This tradition kinda overflowed post graduation, but on a smaller scale. I now find myself calling myself a”Weekend Warrior” for the complete opposite reason. Trying to maintain a social life as a 23 year old, (almost 24, *begin panic mode* ) while avoiding alcohol and food temptations over the weekend, is extremely difficult. It’s not always easy being the one drinking water at the bar (disguised with limes of course), or passing on dessert at a family party (when in my family there is one at least every weekend, as no birthday goes un-celebrated) when everyone around you is indulging, and hey, why shouldn’t they its the weekend, nothing wrong with that.

For me personally, the the difference is I am finally committed to changing my life and these things don’t work if I consistently put my efforts on hold to enjoy the weekend. I’m not saying I never give in or treat myself, because I certainly do but I’ve definitely seen what happens when I  put in my best efforts all week only to derail over the weekend, and its not a fun feeling.

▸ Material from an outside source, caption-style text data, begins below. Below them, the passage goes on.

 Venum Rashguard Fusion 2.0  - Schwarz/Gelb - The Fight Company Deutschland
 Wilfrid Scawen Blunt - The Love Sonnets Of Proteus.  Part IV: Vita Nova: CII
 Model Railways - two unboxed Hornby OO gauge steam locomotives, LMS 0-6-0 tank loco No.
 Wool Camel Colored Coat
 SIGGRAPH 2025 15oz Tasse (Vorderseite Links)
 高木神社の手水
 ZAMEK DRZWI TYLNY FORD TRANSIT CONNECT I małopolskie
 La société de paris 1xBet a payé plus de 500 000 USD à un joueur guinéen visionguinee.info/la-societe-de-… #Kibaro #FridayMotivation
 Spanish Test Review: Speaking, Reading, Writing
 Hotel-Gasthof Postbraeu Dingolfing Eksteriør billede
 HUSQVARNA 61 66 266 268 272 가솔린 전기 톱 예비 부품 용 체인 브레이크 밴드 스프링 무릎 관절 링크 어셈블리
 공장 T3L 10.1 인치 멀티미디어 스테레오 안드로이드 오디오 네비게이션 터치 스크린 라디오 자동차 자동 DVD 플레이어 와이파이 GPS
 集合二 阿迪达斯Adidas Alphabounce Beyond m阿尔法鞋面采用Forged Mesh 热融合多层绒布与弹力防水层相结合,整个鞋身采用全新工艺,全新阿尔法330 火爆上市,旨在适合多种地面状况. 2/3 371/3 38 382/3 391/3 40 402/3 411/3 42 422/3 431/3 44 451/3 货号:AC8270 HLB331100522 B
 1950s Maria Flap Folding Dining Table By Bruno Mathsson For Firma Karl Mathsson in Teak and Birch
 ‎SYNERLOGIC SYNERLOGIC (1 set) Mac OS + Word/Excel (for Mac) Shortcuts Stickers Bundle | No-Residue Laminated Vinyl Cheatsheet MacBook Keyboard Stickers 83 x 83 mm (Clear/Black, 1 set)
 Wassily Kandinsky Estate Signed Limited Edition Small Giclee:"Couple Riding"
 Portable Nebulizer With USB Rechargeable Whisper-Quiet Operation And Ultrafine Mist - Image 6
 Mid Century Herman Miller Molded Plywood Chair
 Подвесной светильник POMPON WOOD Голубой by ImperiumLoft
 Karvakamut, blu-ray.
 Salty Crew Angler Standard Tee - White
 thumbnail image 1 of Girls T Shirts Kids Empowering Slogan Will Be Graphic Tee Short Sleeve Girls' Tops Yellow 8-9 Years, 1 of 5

So as much as this journey is about consistency, which is one of the most important aspects, it is also about balance. I have definitely learned how to say no, but I am also not so tunnel visioned that I will not give in if I really want something. The difference is I am in control now, and I make decisions based on how I’m feeling, as opposed to being based on peer pressure or guilt. So no, its not good to over indulge every weekend, but it is okay to treat yourself every once in a while too.  For example, at a family  event this weekend somebody asked me “How do you stay on your diet during occasions like this?” At that exact moment, I was holding a huge plate of food that I definitely didn’t  log into MyFitnesspal. But I passed on the roll, and dessert, so I marked that battle as a win. You just got to keep fighting, and accept the losses along with the wins.  So here’s to being a weekend warrior, fighting my inner demons one cupcake, or slice of pizza, and one battle at a time.

Words are powerful…am I right?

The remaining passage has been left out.